Geothermal in Schools

As homeowners, we often neglect the fact that geothermal heating and cooling can be utilized in various types of buildings (with various functions). Geothermal is a viable alternative energy source for any type of building, really (depending upon the size and other factors). Whether it’s a town hall, a corporate office, a shopping mall, or even a school, the benefits of geothermal save face. Today, we’ll focus on geothermal in schools, and provide some additional advantages that pertain directly to a geo installation in an educational facility.

Apart from providing clean air conditioning, heat, and hot water year round, a geothermal heat pump system is an opportunity for schools to take the green initiative, eliminating the oversized boiler rooms and incessant buzzing from their hallways. Unlike traditional “dirty” energy sources, the geothermal heat pump can be easily concealed, while the supporting loop field is completely subterranean. As you can imagine, this concealment prevents the damage that can often occur to traditional heating and cooling equipment. Not to mention, it looks better. While aesthetics aren’t necessarily the main concern of schools across the nation, it certainly can’t hurt to provide children with a safer, cleaner, and better looking environment.

geothermal in schools

Could this be your school?

Aesthetics aside, geothermal in schools just makes sense. Economically, the heat pump system will pay itself off in a relatively short period of time. Should any problems occur, most ground loop field installations come with a lengthy warranty. From a multitude of examples, we’ve observed that schools employing a geothermal heat pump system have decreased carbon dioxide emissions, while also cutting energy spending substantially.* Also, taking the environmental high road sets a great example for students and their families. Quite frankly, the high road isn’t necessarily the hard road when there’s essentially a guarantee of cutting costs.

The rub, as always, seems to be the fronting of the initial costs of geothermal. In an economy that’s tough on teachers, and perhaps tougher on parents, it’s understandable that not everyone in a given school district is going to be on board with a geothermal installation. That said, it’s important that the school board takes the time to empathize with concerns and reference materials that detail the benefits of geothermal in schools. It’s certainly not for everyone, but it’s also not a technology that should be neglected; its cost benefits alone warrant consideration.

If you’d like to check out a real life example of a geothermal installation in a school, feel free to check out one, two, or all three of the following!
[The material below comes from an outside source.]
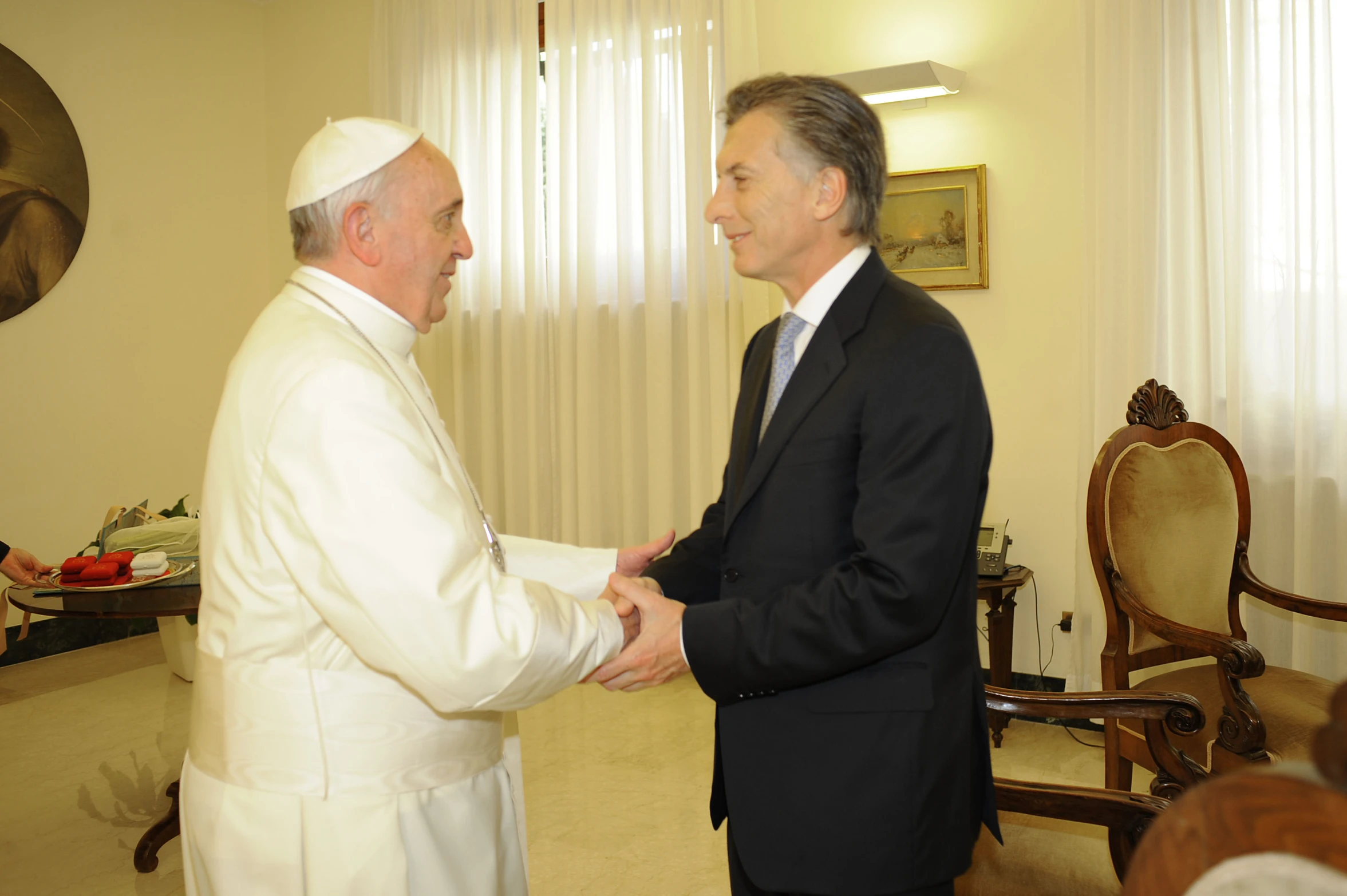 two men in suits shaking hands with one another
Fond du Lac High School in Fond du Lac, Wisconsin
Pahrump Valley High School in Pahrump, Nevada
Westside High School in Omaha, Nebraska

*Source: FHP-MFG

Comments (3)

 

  1. Central Illinois Geothermal Heating says:

    Many of the schools here in Central Illinois have expressed interest in switching to geothermal heating systems as well.

  2. EnergySage says:

    Geothermal is a great option for residential and commercial buildings.

  3. Michael S. Uhl says:

    For decades, geothermal (ground source) heat pumps made a sound investment for institutions of higher education. The recent ARRA stimulus helped fund installations of more American technology in energy efficiency than ever.

    Research labs have put the scenario to the test. In Lincoln, NE, researchers compared GHPs with standard HVAC options (air-cooled chiller, VAV air handling system, and gas-fired hot water boiler). By analyzing data from 18 schools with 54 GHP units, 200 tons, 120 vertical loops and computer models, the results were clear. GHPs had the lowest first and lifecycle costs, lower maintenance, reduced energy use (17%) and reduced energy costs (24%). See for yourself! (http://www.ornl.gov/sci/femp/pdfs/ghpsinschools.pdf)
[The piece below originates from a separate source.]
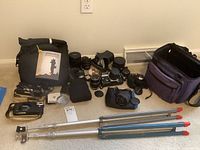 Overview of two tripods, camera bodies, lenses, bags on floor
    More recently, the Department of Energy (DOE) funded demonstrations of innovative modifications of GHP technology at nine universities, one community college, and three educational systems. Blaine County School District #61 is nearly finished installing 26 wells for six schools and support buildings with the help of a $5M DOE Award. Colorado Northwestern Community College, recently completed, found savings of $54,000 annually in the cost of ownership over a traditional system. Yet, the cost savings are not the only way GHP projects make a difference. Consider the environmental benefits. Preliminary energy models show that CO2 emissions will reduce by 57% at Indiana Institute of Technology, where they are also using CO2 as a refrigerant to transfer the energy!

    Overall, institutions can clearly expect big wins for reducing costs, managing risk, and improving the environment with geothermal heat pumps.